V

Но этим противоречия не исчерпываются.

Возьмем того же подлинного мужика -- на этот раз не Ивана Ермолаевича, а толстовского Платона Каратаева* -- и посмотрим, "какие же это типические, наши народные черты?"... "Жизнь Каратаева, как он сам смотрел на нее, не имела смысла как отдельная жизнь. Она имела смысл только как частица целого, которое он постоянно чувствовал. Привязанностей, дружбы, любви, как понимал их Пьер, Каратаев не имел никаких, но он любил и любовно жил со всем, с чем его сводила жизнь, и в особенности с человеком"... "... Эта, не имеющая смысла, жизнь, -- комментирует Успенский, -- не любя никого отдельно, ни себя, ни других, годна на все, с чем сталкивает жизнь... Все может сделать Платон: "возьми и свяжи"... "возьми и развяжи", "застрели", "освободи", "бей" -- "бей сильнее" или "спасай", "бросайся в воду, в огонь для спасения погибающего", -- словом, все, что дает жизнь, все принимается, потому что ничто не имеет отдельного смысла, ни я, ни то, что дала жизнь"... (II, 673.)

Да, все может сделать Платон: и развязать, и связать, и утопить, и спасти утопающего. В этом и состоит (по Марксу) идиотизм той жизни, которая создала и воссоздает Платона. Пока Платон мог жить и жил жизнью замкнутой в себе общины, до тех пор "идиотизма" не было: внутри общины все было пригнано, "как в галке", одно к одному, все было связно, цельно, уместно.

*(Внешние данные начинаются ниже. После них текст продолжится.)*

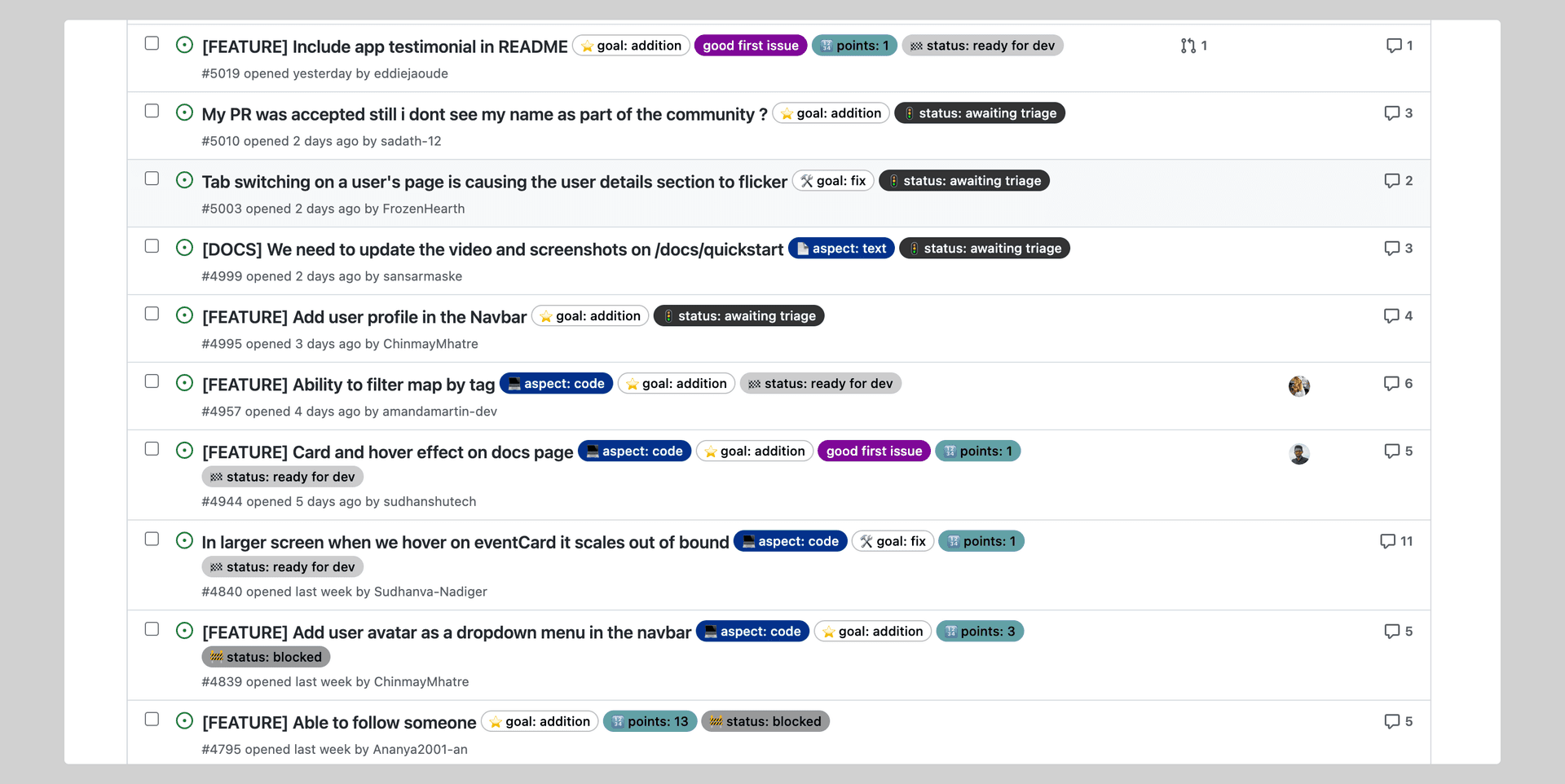 GitHub issue list where each issue carries labels for goal, aspect, status and difficulty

С нашей точки зрения, мы, конечно, не можем видеть в этой зоологической цельности и законченности ничего привлекательного, заманчивого, обещающего успокоение и исцеление истерзанной душе. Но дело не в этом, а в том, что, с тех пор как русская земля стала есть, община входила в состав общегосударственной жизни, служа ей фундаментом. И в тех именно отношениях, в какие становится крестьянин к миру, начинающемуся за деревенской околицей, проявляется во всем своем грозном смысле особенный характер его жизни. Природа "учит его признавать власть, и притом власть бесконтрольную, своеобразную. Терпи, Иван Ермолаевич. И Иван Ермолаевич умеет терпеть, терпеть не думая, не объясняя, терпеть беспрекословно". (II, 546, 547.) "В результате ржаной науки -- "повинуйся" и "повелевай" до такой степени прочно вбиты природою в сознание Ивана Ермолаевича, что их оттуда не вытащишь никакими домкратами". (II, 549.)

Итак, ясно: наука ржаного поля годна и применима, цельна и даже привлекательна -- в пределах практики ржаного поля, но и только... "Иван Ермолаевич, безропотно покоряясь напору чуждых ему влияний и в то же время упорно стремясь осуществить свои земледельческие идеалы в том самом виде, в каком они были выработаны при отсутствии давления нового времени, чувствует себя весьма нехорошо и вырабатывает -- конечно, будучи в этом вполне невиновен -- взгляды на окружающее вполне непривлекательные". (II, 559; курсив мой. Л. Т.)

С одной стороны, "зоологическая правда" крестьянской жизни является для Успенского единственным прибежищем, единственной надеждой, единственным оазисом среди безбрежности всечеловеческого зла и насилия; миросозерцание "десятков миллионов, ежедневно слушающих мать-природу", есть единоспасающее миросозерцание; промотать этот драгоценный перл значит ввергнуть себя в бездну полного социального и морального банкротства. С другой стороны, оказывается, что единоспасающий тип крестьянского миросозерцания, воспитанного под командой "травки зелененькой", имеет свой необходимый "корректив" в типе "хищника для хищничества".

Где же выход? Остается, очевидно, либо героически отказаться от зоологической правды "ржаного поля" со всеми необходимо дополняющими, но отнюдь не украшающими ее правовыми и иными явлениями, -- и поискать выхода где-нибудь за пределами крестьянского жизненного уклада, либо принять его со всем тем, что -- по словам самого Успенского -- необходимо из этого уклада вытекает. Успенский не остановился ни на одном из них: он призвал на помощь народническую утопию. Необходимо сохранить уклад земледельческой жизни во что бы то ни стало, но вместе с этим необходимо освободить этот уклад из-под гнета "хищников и виртуозов терзания". Кто же совершит это трудное дело? Сам крестьянин, представитель правды земледельческого труда? Куда уж! Но если не крестьянин, то кто же? Не сам ли виртуоз хищничества откажется от своего растленного ремесла и, подобно волку райских селений, мирно возляжет рядом с овцою? Но на такую чудесную метаморфозу надежды, разумеется, еще менее. Остается поискать "способов" вне обеих заинтересованных групп. Но где именно?


* Л. Н. Толстой. "Война и Мир". Ред.